DragonLancer said:Ah, now I have had this as well from one of my players as well. At one point when he was working out his entire progression I was against the idea. After all, how can you dictate the direction that a campaign may go? During the course of the story, the direction may go in such a way as to make make their PrC option obsolete or at the very best highly unlikely. I find the idea of building your character as you go, reacting to events that happen to your character, the way to go.
But then, it was pointed out to me that most PrC's have game requirements that are almost impossible to meet if you play that way, and thats right. Having players dictate when they will meet their trainer NPC is bad though.
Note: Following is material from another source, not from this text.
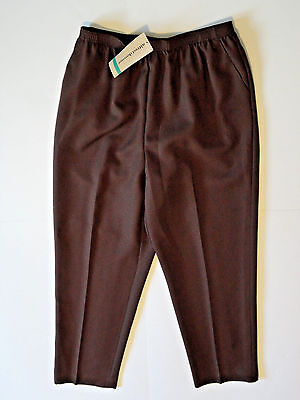 ALFRED DUNNER {Size 16} Brown Elastic Waist Pants NWT! | eBay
As DM you should find the right time to bring such a character in, even if it means the player has to wait a level past what he wanted to do so. Fit it in where the game allows.
I still think that PrC's should be representing something special about the setting you play in, rather than being specilisations of existing classes, and that not every book should hold a half dozen of them.
Thats my point. Prestige classes have turned out to be a crappy tool, for a variety of reasons (mistreatment, shabby construction, etc). Time to dump them/it.

I'd rather my player got there through roleplaying and just not worry about an idiotic set of rules or requirements that often don't make any sense in the first place, or at least are abstract in the extreme AND cause a lot of needless DM worrying. Sticking with the Assassin...Assassination is something a character might do, not what a character IS.